Date: Tuesday, February 15, 2022
JACKSON, Miss. — Secretary of the Interior Deb Haaland today visited several communities and sites in Mississippi to honor individuals and events that advanced the Civil Rights Movement. Secretary Haaland, White House Council on Environmental Quality Chair Brenda Mallory, and Congressman Bennie Thompson met with local officials and community leaders in the Delta region and Jackson to discuss the Biden-Harris administration’s ongoing work to advance equity and social justice, including efforts to help tell a more complete story of America.
Emmett Till’s cousin, Reverend Wheeler Parker Jr., joined the leaders for the day’s events in the Delta region. The group visited Bryant’s Grocery, the site where Till, a 14-year-old African American youth visiting from Chicago in the summer of 1955, was accused of flirting with the grocery store owner.

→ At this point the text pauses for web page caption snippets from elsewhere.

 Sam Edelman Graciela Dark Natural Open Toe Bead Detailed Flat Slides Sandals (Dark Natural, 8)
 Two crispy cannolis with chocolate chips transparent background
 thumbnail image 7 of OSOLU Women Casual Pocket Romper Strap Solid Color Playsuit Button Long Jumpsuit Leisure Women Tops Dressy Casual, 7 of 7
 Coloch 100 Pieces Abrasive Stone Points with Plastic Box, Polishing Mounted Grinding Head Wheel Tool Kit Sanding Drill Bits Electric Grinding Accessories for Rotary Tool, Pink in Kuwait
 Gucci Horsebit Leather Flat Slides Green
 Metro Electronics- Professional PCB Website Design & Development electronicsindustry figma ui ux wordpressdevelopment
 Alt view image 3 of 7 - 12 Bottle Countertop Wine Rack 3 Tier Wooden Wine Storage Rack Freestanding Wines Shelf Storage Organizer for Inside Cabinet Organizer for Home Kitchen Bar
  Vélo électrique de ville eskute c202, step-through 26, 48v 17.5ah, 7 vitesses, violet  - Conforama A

The subsequent kidnapping and murder of Till captured national attention and helped catalyze the struggle for equal rights in Mississippi and across the nation.
Secretary Haaland, Chair Mallory and Congressman Thompson met with local officials and community members at the Emmett Till Historic Intrepid Center in Glendora and at the Tallahatchie Courthouse where Till’s murderers were swiftly acquitted. They also visited Mound Bayou for a community meeting and tour. Mound Bayou is listed as a historic district on the National Register of Historic Places for its significance as the only chartered town founded and governed by African Americans in Mississippi since its inception in the late 1800s. Mound Bayou was also the home of T.R.M. Howard, a national civil rights leader in the Delta, who shared his home to provide a safe haven for Till’s mother, Mamie Till-Mobley, and others during the trial.

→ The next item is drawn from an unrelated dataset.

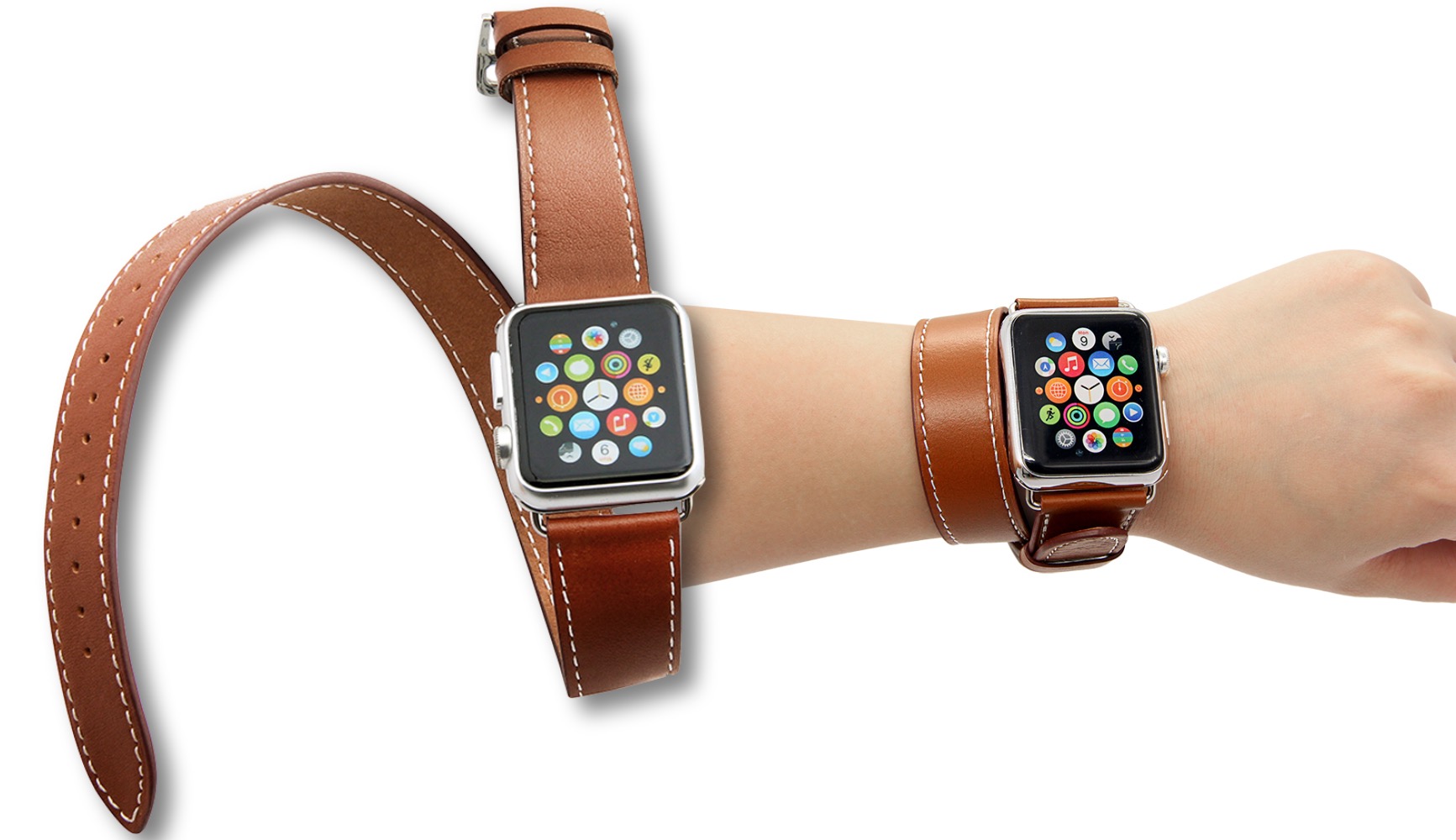 double tour leather apple watch strap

The leaders finished the day at the Medgar and Myrlie Evers Home National Monument in Jackson, a new national park unit that was authorized by the John D. Dingell Jr. Conservation, Management and Recreation Act in March 2019. The site commemorates the lives of civil rights activists Medgar and Myrlie Evers. Medgar Evers’ assassination, the first murder of a nationally significant leader of the American Civil Rights Movement, heightened public awareness of civil rights issues and became a catalyst for passage of the Civil Rights Act of 1964. Secretary Haaland, Chair Mallory and Congressman Thompson met with Reena Evers in a visit that highlighted the partnership between the National Park Service and local communities, and the Department’s ongoing efforts to steward historic sites and lands in service of equity and justice.
The National Park Service is currently conducting a Special Resource Study of significant civil rights sites in Mississippi. Authorized by Congress in 2017, the study is designed to provide Congress with critical information used in the legislative process of designating a new unit.